I am posting an example of code that can be used to control bipolar stepper motors. I have tried to put comments in place to help explain how it is set up. There are many ways motor control could be done this is just one way to do it.

To use this code: First change the #define values to match your motor characteristics and your personal preferences.

This code will allow you to

----Turn a motor on and off, and restart at the current step.

----Select the motor direction CW or CCW. There is a 50% chance that the directions will be correct on any setup. If the motor is turning the wrong way from what is displayed on the LCD. Flip or switch the two wire on ONE of the motor coils to correct the LCD display.

----Select what stepping mode you wish the motor to be doing.

----Select the motor speed over a very wide range by holding down the key the incremental rate of change increase with time.

A few notes.

As Ralph has indicated using pin 14 PORTB PB0 as an output pin can sometimes cause problems because this pin when pulled low at start up will put the MCU in program mode. I have moved the IN1 connection to PORT B PB4.

The value of RPMs used in this code is approximant and ideal.
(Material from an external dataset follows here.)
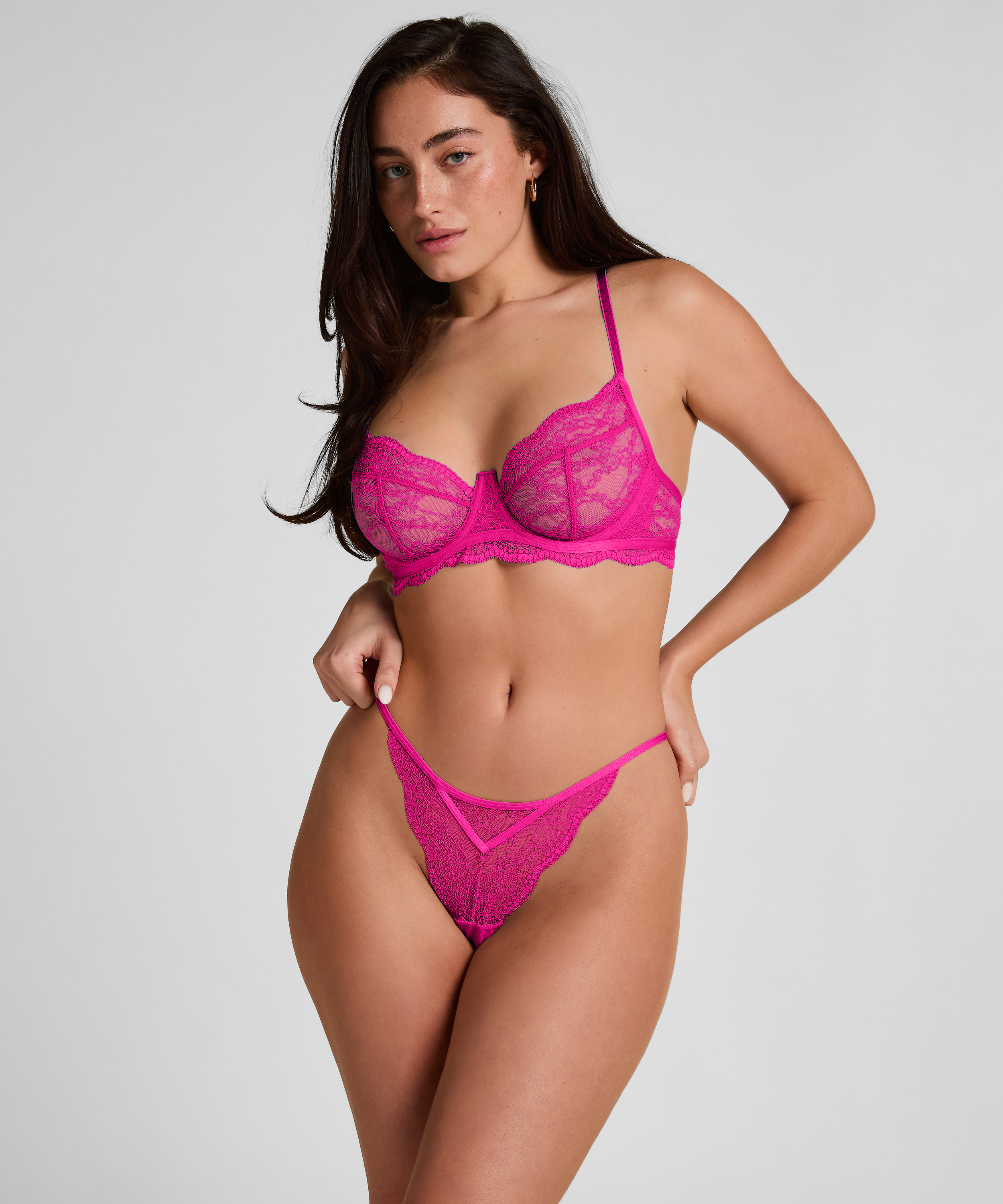 Isabelle Non-Padded Underwired Bra, Pink, main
I have made no attempt to verify how accurate these values are.

I have used a 32 bit int variable to hold the delay time is microseconds. By using this large variable it is possible to have both a very wide range of speeds and fine control of speed changes.
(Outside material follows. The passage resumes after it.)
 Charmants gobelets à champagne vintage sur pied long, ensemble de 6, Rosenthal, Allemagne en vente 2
I have tried a couple of ideas for the delay time increment. The inverse relationship between delay time and motor speed makes it difficult to produce linear changes in speed over a large range. I settled on a using an increment based on a percentage of the current speed rather than a constant value.

According to its data sheet the L298N motor controller chip has the capability to make use of current sensing resistors to allow the chip to limit current to the motor coils. Control boards like the one Ralph has, do not have any provision designed into them to allow the user to make use of that capability on the chip. Without that capability the speed range and torque produced by the motor will be limited.

As the speed of the motor is increased the inductance of the motor coils becomes more relevant. At high controller speeds the motor will eventually stall or not have sufficient torque to move any load.

At low controller speeds the motor coils may overheat do to continues high current flow.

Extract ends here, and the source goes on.